• **WHAT YOU WILL DO**: Set down each line from the line holding "u selu Jarak" to the last line of the entries below, exactly, with both ends included and without pictures.

• **Caption-style text data**:
=== Section Start ===

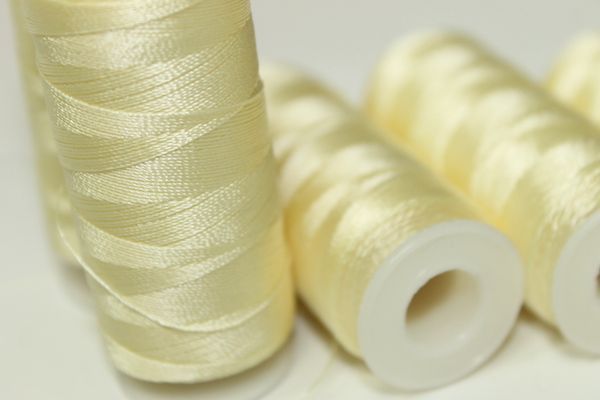 Нитки шовкові для бісеру білі 150D 4820001002110 фото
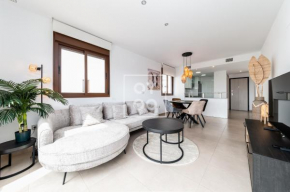 La Brisa with sea views, swimming pools, spa, playground, fitness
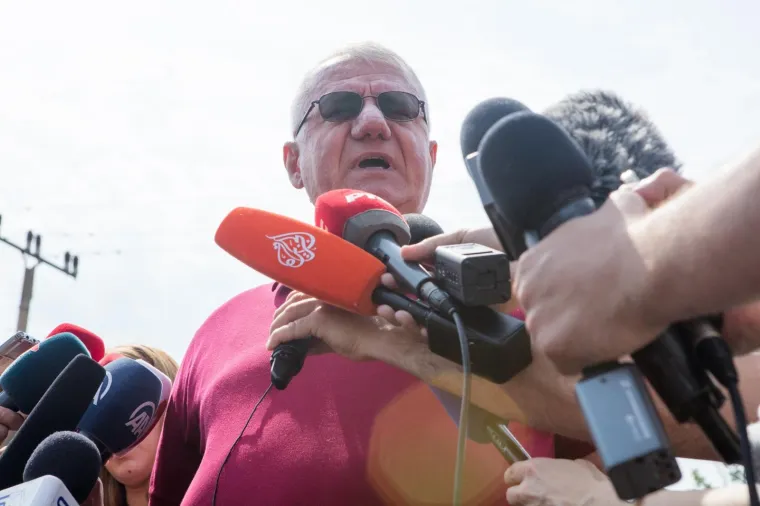 &Scaron;e&scaron;elj zaustavljen na ulazu u Hrtkovce: govor održao u selu Jarak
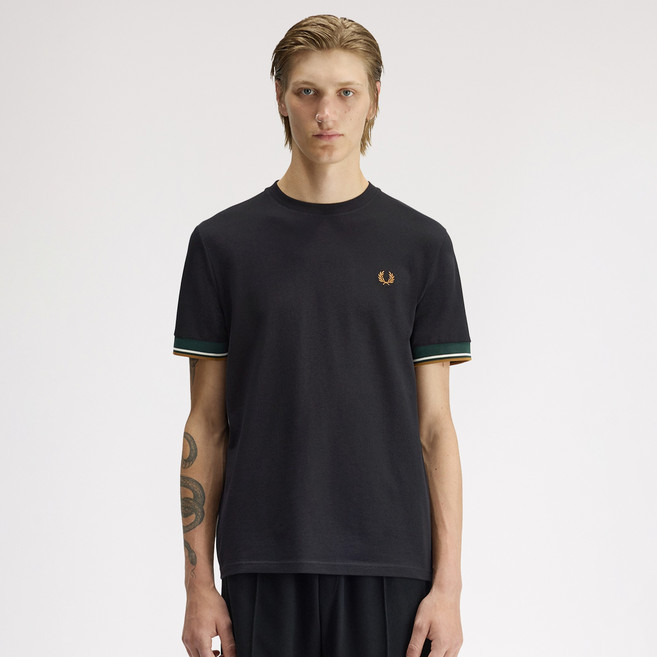 FRED PERRY 男士雙飾邊袖口T恤 M2396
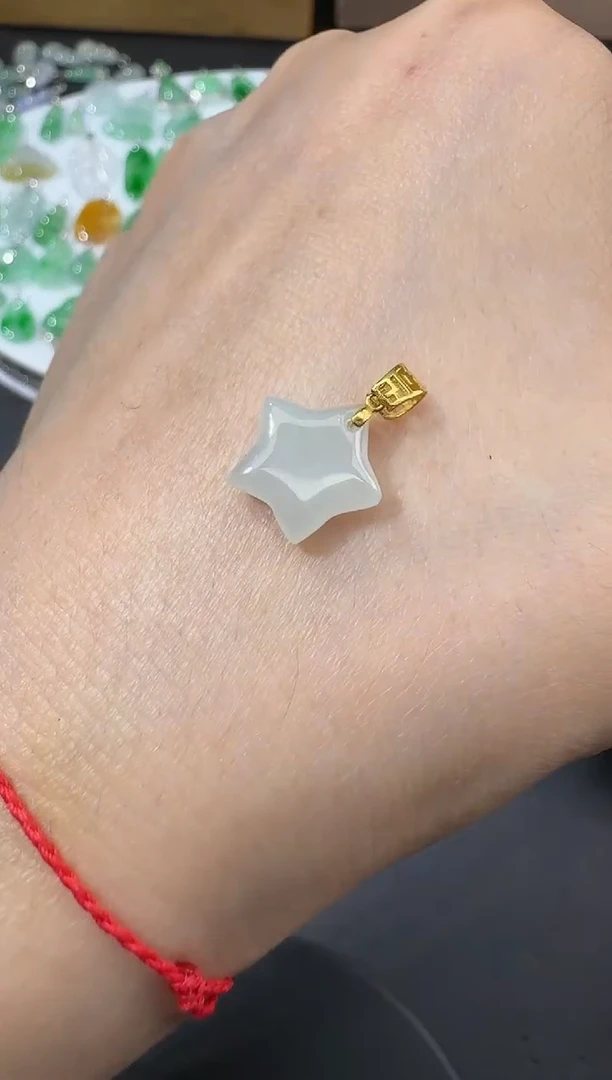 翡翠18K金镶嵌颈饰H0530-S1501-4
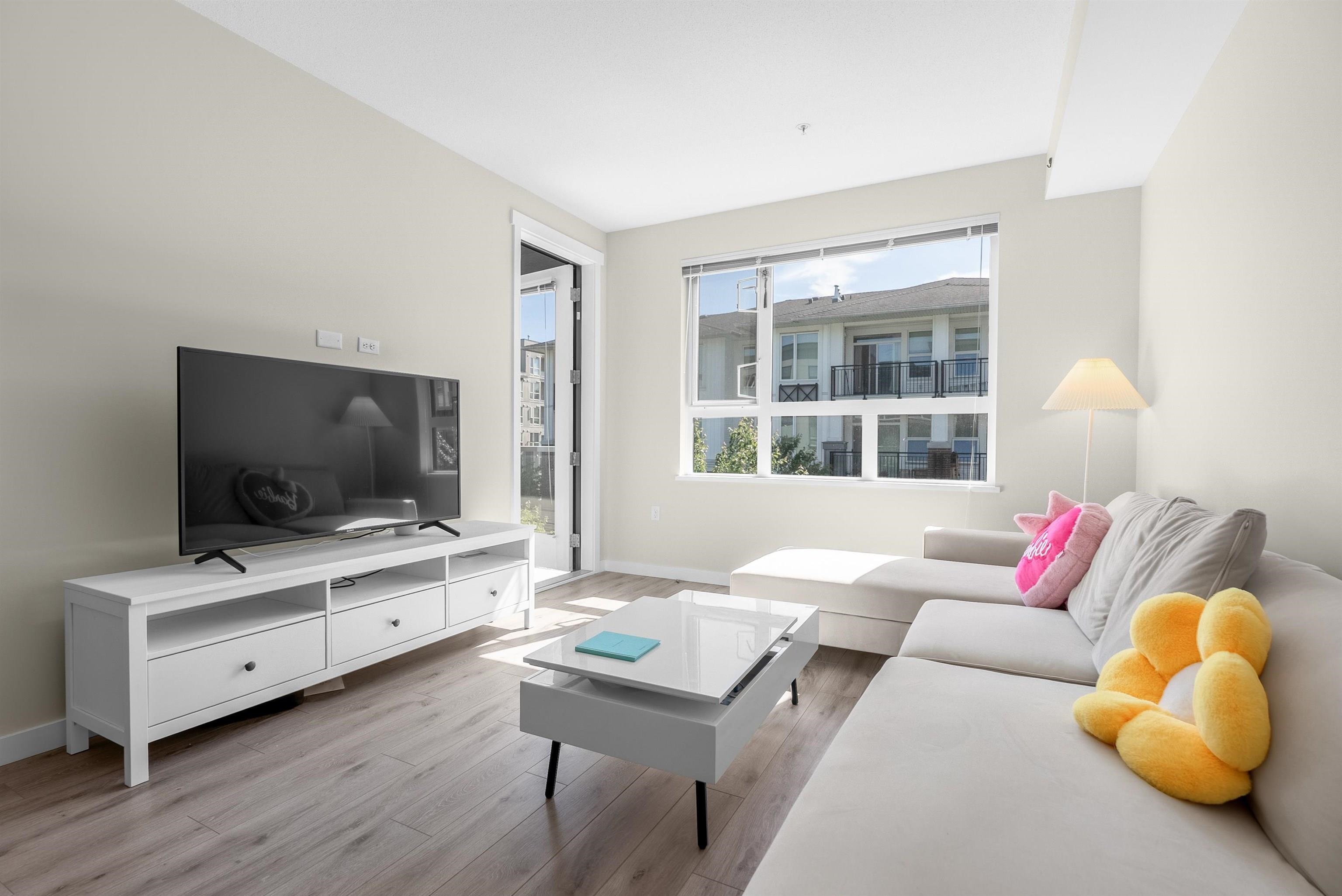 315 9233 ODLIN ROAD, R3122854, BC,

=== Section End ===

• **TASK RESPONSE**:
 &Scaron;e&scaron;elj zaustavljen na ulazu u Hrtkovce: govor održao u selu Jarak
 FRED PERRY 男士雙飾邊袖口T恤 M2396
 翡翠18K金镶嵌颈饰H0530-S1501-4
 315 9233 ODLIN ROAD, R3122854, BC,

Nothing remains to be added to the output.